Exactly as written, write out the lines below from the first to the one containing "Greetings to all.", inclusive. Pictures do not belong in the copy.
Segment Start: INFORMATION PROVIDED
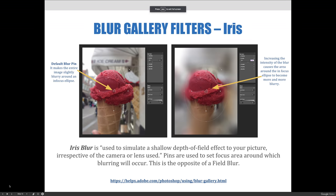When the iris blur is used, it simulates a shallow depth of field effect to your picture, regardless of the camera or lens used.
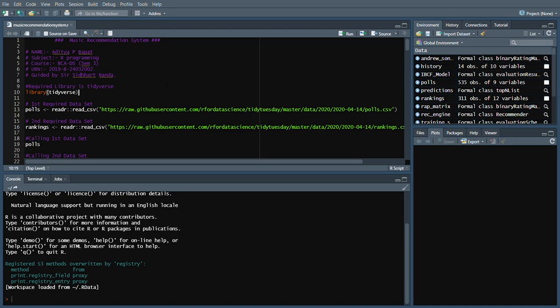Greetings to all. My name is Aditya Papat and today we are going to see a music recommendation system using R programming.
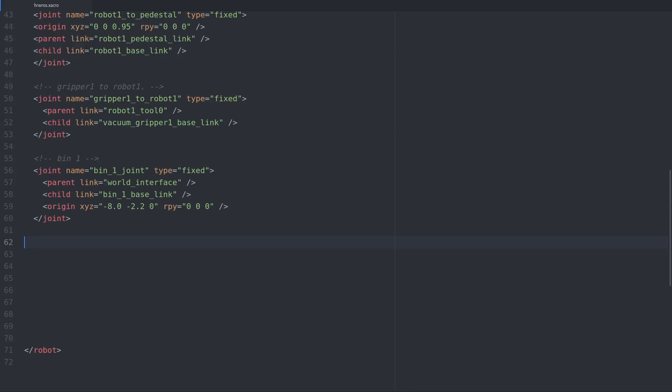We're going to have to add two things: a link, this will describe our box, and a joint, which will give it a position in the factory world. All this is XML, so we'll add the link with an opening and a closing tag and give it a name.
Segment End: INFORMATION PROVIDED
TASK OUTPUT:
When the iris blur is used, it simulates a shallow depth of field effect to your picture, regardless of the camera or lens used.
Greetings to all. My name is Aditya Papat and today we are going to see a music recommendation system using R programming.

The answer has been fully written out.